よふかしのうた 1 少年サンデーコミックス
著:コトヤマ
出版社:小学館
中学二年生の夜守コウは告白された女子を振った事で、学校が面倒になり不登校となった。
その影響でエネルギーを使わなくなったコウは、夜眠れなくなってしまう。
家族が寝静まった深夜、彼は誰にも言わず一人外に出た。
登場人物
夜守コウ(やもり こう)
中学二年生
恋愛というモノが分からず、自分を好きになってくれた女子を振ってしまった。
その後、彼女の友達であろう女子から、なぜ振ったのかと責められる。
学校生活は上手くやって来たつもりだったが、唐突に全てが面倒になり不登校になる。
不登校からの活力飽和、不眠を経て夜遊び(夜の散歩)へとつながり、初めてうろついた夜に七草ナズナと名乗る吸血鬼と出会う。
七草ナズナ(ななくさ なずな)
吸血鬼の女性
人が寝静まった夜の街で獲物を探す吸血鬼。
夜遊びをしていたコウを見つけ、家に連れ込み血を吸った。
その際、彼の血の美味しさに感動する。
ちなみにこの作品の吸血鬼は、相手が自分に恋をしていないと血を吸っても対象は吸血鬼化しない。
朝井アキラ(あさい あきら)
コウの幼馴染の女子
コウは疎遠になり友人関係も途絶えたと思っていたが、アキラはそう思っていなかったようで、深夜と早朝という生活リズムの重なりから再び話すようになる。
感想
「だがしかし」の時もそうでしたが、登場人物がコミカルでキュートです。
コウとナズナのやり取りも、ほのぼのしていて読むと癒されます。
コウが不登校になった原因は、女子同士のつながりへの嫌悪から始まり、学校生活、集団の中で歩調を合わせ、周囲と上手くやっていかなければならないという、同調圧力に対する面倒さからだった様に思います。
人が集まれば、合わせる事をせず好き勝手に生きていれば反発を生みます。
ただ、日本の教育制度における学校は、個性を殺し誰かが考えた模範に沿う事を強く強制してくる様にも感じます。
なんとなくですが、そんな風な人間の方が、御しやすく社会的には都合がよいからではないかと考えてしまいます。
そしてそういう人達で構成された社会は、はみ出した人間を寄ってたかって叩く傾向にあるように思います。
単一の規格で構成された社会は効率はいいのでしょうが、多様性を失くし、画期的なアイデアや柔軟な思考を失わせる要因の様な気もします。
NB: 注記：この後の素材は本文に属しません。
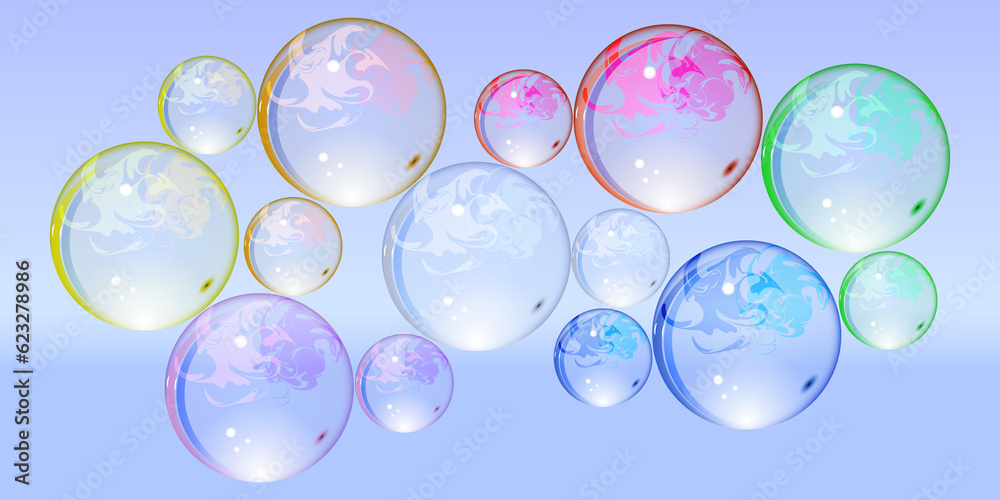 Glass transparent multicolored balls on a purple background. Glass transparent multicolored balls on a purple background.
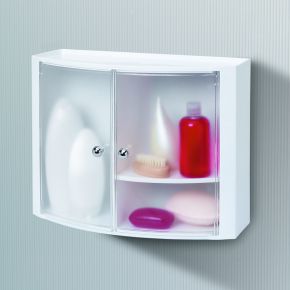 Пластиковый навесной шкафчик с дверцами прозрачно натуральный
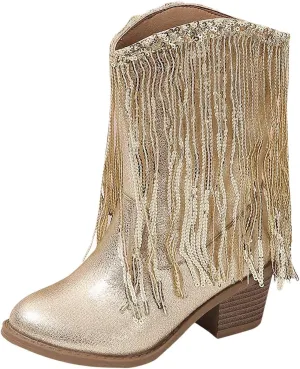 Girl's Cowgirl Boots Cowboy Fringe Western Boots Chunky Heel Tassel Mid Calf Boots Kids Pointed Toe Riding Boots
マイノリティも受け入れる、器のでっかい社会がいいなと思います。
この作品では、主人公のコウはナズナになんとか恋をして(コウには人を好きになるという事がよく分からない、現状では彼女を好きになろうと奮闘中)自らも吸血鬼になる事を望んでいます。
夜を飛ぶナズナはとても自由に見え、コウが吸血鬼になりたい気持ちも分かる気がします。
まとめ
「だがしかし」のコトヤマさんの新作という事で、発表された時からとても楽しみにしていました。
吸血鬼のナズナとの出会いがコウにどんな変化をもたらすのか、次巻が楽しみです。
最後までお読みいただき、ありがとうございました。